7 Reasons Churches Fail in Fundraising…Part II

Last week we began a series on 7 reasons churches fail at fundraising, and what to do about it. Specifically we mentioned:

  1. The pastor and church leadership who establish unrealistic goals, and have nothing to back those goals beyond needs or wants.

As fundraising consultants, we recommend that churches begin the campaign process with a planning study to help determine both the capacity and the will of church members to achieve the goal. Conducting such a study also helps church leaders determine exactly what a reasonable goal is. 

  1. Churches that are not teachable because the leaders believe they are experts in every area.

To address this we recommended that churches not only hire outside counsel to help them with the campaign, but also listen to that counsel. A good consultant can save you time and energy and help you increase donations as a result of their experience.

Now today, we’ll look at a few more reasons that churches fail in fundraising and what churches can do about it.

  1. The church leadership approaches the campaign casually and they lack a comprehensive campaign plan.

Often churches will start a campaign by simply announcing it, talking about the projects and then having people make their commitments one Sunday. Others might be a bit more sophisticated, so they decide to visit with each church family asking them for a specific amount. However, neither method involves much of a plan nor does it work as effectively as it might. In a church, the best way to maximize results is to have volunteers working a comprehensive plan with a master schedule, communications strategies, deadlines, and more.

 In the campaigns we facilitate, there are several operational committees that we personally meet with at least twice (sometimes more) to explain their responsibilities, provide training and give them advice. Each of these committees has specific activity schedules, instructions, deadlines and prototypes for their work This committee work tends to build ownership, consensus and enthusiasm over time, and that usually translates into higher giving and motivates church members. When a church lacks this, campaign success becomes a lot more questionable.

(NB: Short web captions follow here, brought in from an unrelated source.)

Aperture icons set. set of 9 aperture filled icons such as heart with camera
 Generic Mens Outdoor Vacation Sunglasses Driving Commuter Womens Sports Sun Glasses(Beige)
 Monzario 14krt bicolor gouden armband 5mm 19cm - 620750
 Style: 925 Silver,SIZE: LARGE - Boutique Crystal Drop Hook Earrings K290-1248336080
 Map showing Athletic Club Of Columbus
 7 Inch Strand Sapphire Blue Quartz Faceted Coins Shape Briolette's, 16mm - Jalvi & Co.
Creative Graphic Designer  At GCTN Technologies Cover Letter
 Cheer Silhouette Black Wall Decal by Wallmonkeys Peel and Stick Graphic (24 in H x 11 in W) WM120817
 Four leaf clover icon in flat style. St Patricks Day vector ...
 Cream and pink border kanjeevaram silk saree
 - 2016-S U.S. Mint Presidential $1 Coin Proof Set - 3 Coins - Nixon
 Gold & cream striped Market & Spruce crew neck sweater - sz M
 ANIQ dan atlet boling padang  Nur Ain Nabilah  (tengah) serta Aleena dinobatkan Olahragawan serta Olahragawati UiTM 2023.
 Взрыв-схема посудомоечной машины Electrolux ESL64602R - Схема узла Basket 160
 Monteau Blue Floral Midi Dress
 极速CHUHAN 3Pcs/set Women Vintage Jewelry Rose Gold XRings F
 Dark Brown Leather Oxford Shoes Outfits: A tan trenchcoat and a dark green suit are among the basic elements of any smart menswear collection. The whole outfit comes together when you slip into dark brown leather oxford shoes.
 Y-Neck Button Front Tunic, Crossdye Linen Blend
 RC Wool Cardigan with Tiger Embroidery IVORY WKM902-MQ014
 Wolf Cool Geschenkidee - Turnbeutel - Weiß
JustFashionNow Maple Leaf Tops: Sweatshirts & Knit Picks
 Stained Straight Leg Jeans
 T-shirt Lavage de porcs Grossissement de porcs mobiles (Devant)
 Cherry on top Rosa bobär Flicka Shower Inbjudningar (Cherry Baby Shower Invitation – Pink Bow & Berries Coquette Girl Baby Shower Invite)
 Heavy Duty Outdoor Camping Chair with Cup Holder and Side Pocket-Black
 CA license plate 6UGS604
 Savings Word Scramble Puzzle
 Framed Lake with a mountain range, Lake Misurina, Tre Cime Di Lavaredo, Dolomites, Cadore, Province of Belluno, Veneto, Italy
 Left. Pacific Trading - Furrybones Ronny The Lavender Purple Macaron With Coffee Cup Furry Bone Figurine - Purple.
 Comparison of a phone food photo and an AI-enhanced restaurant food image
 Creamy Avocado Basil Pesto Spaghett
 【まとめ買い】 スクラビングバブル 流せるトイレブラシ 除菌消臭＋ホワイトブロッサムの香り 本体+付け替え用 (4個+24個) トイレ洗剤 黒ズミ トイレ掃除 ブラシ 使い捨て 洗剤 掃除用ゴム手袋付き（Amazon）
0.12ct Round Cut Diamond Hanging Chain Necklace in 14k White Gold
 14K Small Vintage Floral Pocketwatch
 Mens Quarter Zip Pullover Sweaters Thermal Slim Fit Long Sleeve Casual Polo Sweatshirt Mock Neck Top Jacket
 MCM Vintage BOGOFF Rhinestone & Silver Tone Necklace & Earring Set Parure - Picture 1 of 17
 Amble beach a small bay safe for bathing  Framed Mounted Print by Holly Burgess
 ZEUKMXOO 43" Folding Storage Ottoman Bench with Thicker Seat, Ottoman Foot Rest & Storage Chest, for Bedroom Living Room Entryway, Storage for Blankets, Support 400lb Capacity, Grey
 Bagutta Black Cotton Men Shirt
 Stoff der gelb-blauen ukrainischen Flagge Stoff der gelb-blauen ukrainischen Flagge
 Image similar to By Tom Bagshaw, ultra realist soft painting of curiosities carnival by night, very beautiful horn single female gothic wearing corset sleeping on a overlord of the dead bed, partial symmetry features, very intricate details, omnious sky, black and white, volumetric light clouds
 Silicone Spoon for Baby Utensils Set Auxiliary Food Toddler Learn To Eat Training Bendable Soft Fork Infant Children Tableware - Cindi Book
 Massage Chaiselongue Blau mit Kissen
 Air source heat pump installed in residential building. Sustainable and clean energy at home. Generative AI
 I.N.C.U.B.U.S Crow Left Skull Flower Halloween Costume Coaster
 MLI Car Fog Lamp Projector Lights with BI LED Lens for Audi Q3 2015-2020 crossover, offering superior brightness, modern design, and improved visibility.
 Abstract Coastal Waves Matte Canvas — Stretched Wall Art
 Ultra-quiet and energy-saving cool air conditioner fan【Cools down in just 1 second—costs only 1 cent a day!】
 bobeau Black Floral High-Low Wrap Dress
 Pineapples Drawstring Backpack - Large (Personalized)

  1. The Pastor has a hard time giving up control and empowering others to act.

One of the primary elements of successful campaigns is the involvement of church members. When we structure campaigns we have several committees of people involved. In fact, rather than have a few people do a lot of things, we have a lot of people doing a few things. This tends to build ownership and enthusiasm and stimulate giving. However, if the pastor isn’t willing to let go of the reigns and allow people to lead in some key areas, then the campaign isn’t as likely to succeed.

  1. The Pastor is reluctant to get involved and ask others for help.

The pastor may not be the only leader, but the pastor should be the primary leader. At the start and throughout the time of the campaign, the Pastor must be out front, identifying and helping recruit key committee chairs and talking about the importance of the campaign.

In addition, while the vast majority of members won’t be asked for specific amounts, there are a few lead gift prospects with whom the Pastor should visit at some point about making a major gift. Campaign leadership can accompany the Pastor, but the Pastor needs to be involved.

Without the Pastor’s involvement in some of these key activities, it’s not likely that the campaign will be successful. In fact, people shouldn’t have to ask, “where is the pastor,” or “where is the pastor on this campaign?” That should be obvious from the start!